En el mismo lugar donde los vikingos se encontraron con el mar Negro tras descender por el río Dniéper, hoy hay un soldado ucraniano con un distintivo del Ragnarök (apocalipsis vikingo) en su uniforme. Su labor es evitar la entrada de ciudadanos prorrusos a la ciudad portuaria de Jersón , aunque ahora le ha tocado hacer frente a otro tipo de amenaza: la aparición de un periodista extranjero subido a una furgoneta de pasajeros que aquí se conoce como marshrutka.
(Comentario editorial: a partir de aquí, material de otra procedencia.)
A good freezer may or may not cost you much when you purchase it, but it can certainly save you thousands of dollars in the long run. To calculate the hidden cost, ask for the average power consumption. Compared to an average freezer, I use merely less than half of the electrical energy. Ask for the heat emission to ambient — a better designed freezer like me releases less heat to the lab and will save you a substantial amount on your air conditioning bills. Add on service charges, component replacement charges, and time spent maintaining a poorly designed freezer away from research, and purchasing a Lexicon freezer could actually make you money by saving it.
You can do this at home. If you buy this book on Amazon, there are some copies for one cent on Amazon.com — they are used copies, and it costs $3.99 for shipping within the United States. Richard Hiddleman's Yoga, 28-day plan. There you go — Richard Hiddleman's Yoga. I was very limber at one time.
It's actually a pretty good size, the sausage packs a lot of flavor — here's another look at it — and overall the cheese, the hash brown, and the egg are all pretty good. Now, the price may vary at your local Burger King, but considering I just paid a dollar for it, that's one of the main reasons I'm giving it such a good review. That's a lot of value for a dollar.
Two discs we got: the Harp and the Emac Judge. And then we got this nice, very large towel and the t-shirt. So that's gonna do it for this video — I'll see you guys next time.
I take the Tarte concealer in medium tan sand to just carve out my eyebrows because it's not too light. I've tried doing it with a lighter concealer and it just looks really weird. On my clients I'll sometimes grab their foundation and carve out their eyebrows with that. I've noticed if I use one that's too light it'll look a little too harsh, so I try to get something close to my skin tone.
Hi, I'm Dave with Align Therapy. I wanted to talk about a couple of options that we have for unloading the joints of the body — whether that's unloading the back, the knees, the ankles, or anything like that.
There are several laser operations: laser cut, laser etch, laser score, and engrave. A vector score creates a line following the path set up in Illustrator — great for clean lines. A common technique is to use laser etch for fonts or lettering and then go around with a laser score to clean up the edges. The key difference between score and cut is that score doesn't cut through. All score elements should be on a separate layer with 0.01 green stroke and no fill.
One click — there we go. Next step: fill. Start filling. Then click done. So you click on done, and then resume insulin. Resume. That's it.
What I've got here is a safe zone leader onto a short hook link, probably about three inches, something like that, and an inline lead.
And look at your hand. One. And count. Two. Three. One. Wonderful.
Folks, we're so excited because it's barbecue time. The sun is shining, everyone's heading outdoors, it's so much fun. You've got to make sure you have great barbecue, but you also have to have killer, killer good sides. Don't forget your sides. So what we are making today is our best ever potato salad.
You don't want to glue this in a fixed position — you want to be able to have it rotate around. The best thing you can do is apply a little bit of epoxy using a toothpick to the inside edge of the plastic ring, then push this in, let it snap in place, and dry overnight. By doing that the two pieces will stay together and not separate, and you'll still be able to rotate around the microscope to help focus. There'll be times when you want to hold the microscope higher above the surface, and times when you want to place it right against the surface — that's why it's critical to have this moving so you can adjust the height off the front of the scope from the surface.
Los soldados y policías de este puesto de control indican a los periodistas que no pueden entrar a la ciudad: “Se necesita un permiso especial de Dmytro, el oficial de prensa. Se le puede localizar en este número de teléfono. Las acreditaciones que dan las Fuerzas Armadas son correctas, pero aquí no sirven. Le llevaremos de vuelta en un coche de policía a Mykolaiv, la ciudad más cercana. Allí podrá verle y pedirle que le autorice la entrada”.
Unas horas más tarde, y ya con la noche acuestas, el tal Dmytro sugiere una cita en una calle de Mykolaiv. El hombre, corpulento, muy pálido y vestido totalmente de negro, confirma lo que los policías y el soldado del Ragnarök habían dicho: para trabajar en esa zona hace falta un permiso especial, pero no suyo, sino del Comando Sur. Y como prueba irrefutable de lo que dice, muestra algo tan solemne como es un post que alguien puso hace año y medio en Facebook. Arreglado lo que había que arreglar, esto es, la contratación de un vehículo y de un intérprete de su confianza, el permiso especial se pone en marcha para entrar en Jersón a la mañana siguiente. El coche contratado lleva los distintivos del III Batallón de Asalto, la organización fundada por los veteranos del celebérrimo Batallón Azov . No obstante, de su interior no desciende ningún soldado, sino una mujer menuda, vestida de civil y desarmada. “Lo del coche es sólo el préstamo de un amigo”, aclara la intérprete, al tiempo que toma el volante y Dmytro, el oficial de prensa, se monta junto a ella.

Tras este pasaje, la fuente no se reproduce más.